Records excerpted from a collection
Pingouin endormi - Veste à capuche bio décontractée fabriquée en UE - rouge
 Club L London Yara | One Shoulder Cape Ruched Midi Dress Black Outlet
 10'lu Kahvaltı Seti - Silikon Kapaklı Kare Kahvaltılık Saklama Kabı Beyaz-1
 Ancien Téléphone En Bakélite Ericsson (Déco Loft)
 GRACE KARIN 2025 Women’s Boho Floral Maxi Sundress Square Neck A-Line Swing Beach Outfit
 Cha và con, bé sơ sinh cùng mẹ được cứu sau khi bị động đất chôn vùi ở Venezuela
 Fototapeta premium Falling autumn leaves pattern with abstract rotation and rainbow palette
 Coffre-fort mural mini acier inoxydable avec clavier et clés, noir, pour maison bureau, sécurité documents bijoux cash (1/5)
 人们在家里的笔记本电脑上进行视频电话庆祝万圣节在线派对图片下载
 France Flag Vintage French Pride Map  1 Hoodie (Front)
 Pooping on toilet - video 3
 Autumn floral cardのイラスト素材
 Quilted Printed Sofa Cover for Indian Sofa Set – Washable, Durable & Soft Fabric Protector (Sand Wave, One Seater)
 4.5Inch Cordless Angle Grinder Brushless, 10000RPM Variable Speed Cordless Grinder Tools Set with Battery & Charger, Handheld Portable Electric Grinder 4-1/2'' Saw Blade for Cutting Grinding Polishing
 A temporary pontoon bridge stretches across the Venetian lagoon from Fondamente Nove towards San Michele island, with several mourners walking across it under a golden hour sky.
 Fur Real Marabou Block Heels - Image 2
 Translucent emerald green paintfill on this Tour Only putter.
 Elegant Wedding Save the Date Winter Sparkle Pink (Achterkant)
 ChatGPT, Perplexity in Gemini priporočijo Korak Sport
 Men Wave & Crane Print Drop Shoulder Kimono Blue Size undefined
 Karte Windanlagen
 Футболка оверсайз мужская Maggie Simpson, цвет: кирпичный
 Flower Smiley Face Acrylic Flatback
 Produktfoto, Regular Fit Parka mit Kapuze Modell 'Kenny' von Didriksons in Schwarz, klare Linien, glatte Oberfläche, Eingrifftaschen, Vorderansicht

**Assignment**
Give back exactly the lines running from the line that has "ChatGPT, Perplexity in" to the end of the entries above.

**Exercise output**
 ChatGPT, Perplexity in Gemini priporočijo Korak Sport
 Men Wave & Crane Print Drop Shoulder Kimono Blue Size undefined
 Karte Windanlagen
 Футболка оверсайз мужская Maggie Simpson, цвет: кирпичный
 Flower Smiley Face Acrylic Flatback
 Produktfoto, Regular Fit Parka mit Kapuze Modell 'Kenny' von Didriksons in Schwarz, klare Linien, glatte Oberfläche, Eingrifftaschen, Vorderansicht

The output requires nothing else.